There are times when power works, times when authority is needed and times when influence is the name of the game. The trick is knowing when to use which effort to achieve the desired result. Here is a guide to help you determine those choices:
1. Determine what the desired outcome is that you’re looking for? (productivity, obedience, input)
2. Identify the type of individual you’re leading. Will they push back on authority? Not get it with influence?
3. Try the path of least resistance first. This would be influence and usually looks like leading by example or suggesting a course of action that would be better or asking for the employee you lead to share with you how he or she would handle it if he were in your shoes.
4. If that doesn’t work, try power. This would involve a more direct approach and usually sounds like giving a direct order in the military or a sharing of specific actions that are expected to be taken. If you are going to use power and spell out the action, remember that you are training that team member to come to you for guidance, vs thinking for himself. You are training him to not utilize the creativity and initiative that we often ask employees to exhibit.
5. If that doesn’t work, try authority. This would mean you are leaning on hierarchy and title and sharing consequences and rewards for the behavior or action you wish to have carried out. Shutting down a conversation prematurely by relying on your authority alone sends a very clear message that you are no longer open to input and for some this may also mean that you will receive no more input on ANY subject going forward. With authority, timing and circumstances become critically important as this last resort type of step is more about managing a task than leading a person. This should be a conscious choice, not a knee jerk reaction.

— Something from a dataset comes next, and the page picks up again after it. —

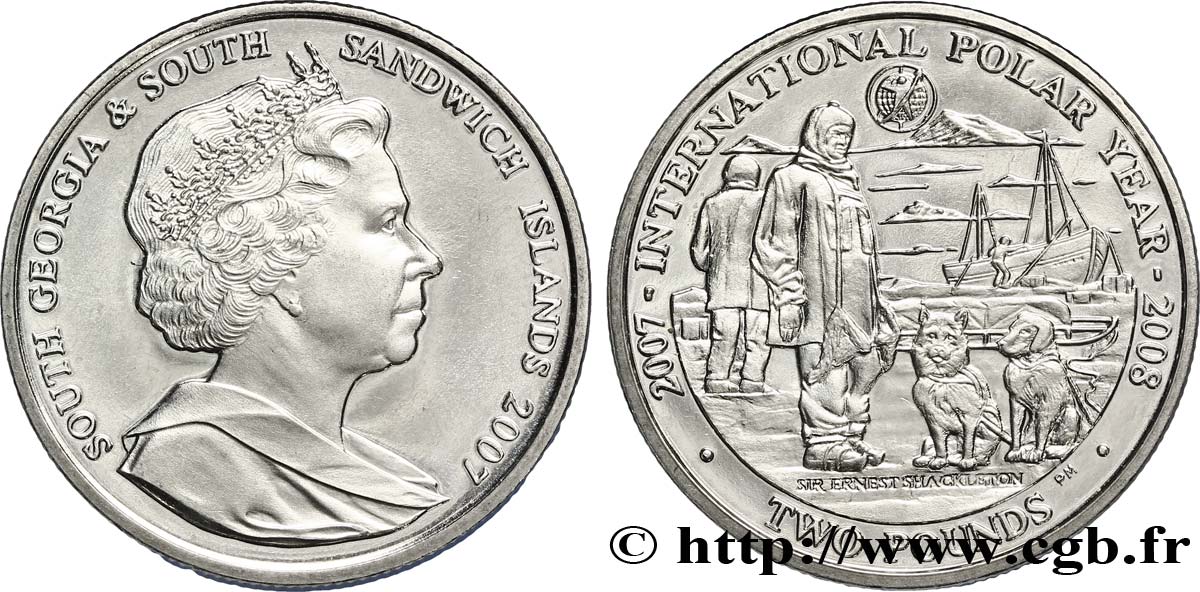 SOUTH GEORGIA AND THE SOUTH SANDWICH ISLANDS 2 Pounds (2 Livres) Proof Année Polaire International 2007  MS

Using power or authority prematurely is a little like revving your engine when folks are in a traffic jam. You can’t really experience the full value of the power you’re exerting until and unless you’ve given some thought to your surroundings and the needs of the team members you’re leading. After all, you wouldn’t gun the engine just for fun and waste all that gas if all you could see ahead of you were brake lights. Pay attention to those you lead and then you can determine if you need to whip out the thrusters and use all that horsepower. Without paying attention, you’ve just got a pretty, shiny title …er…um… car… and nowhere to really use it effectively.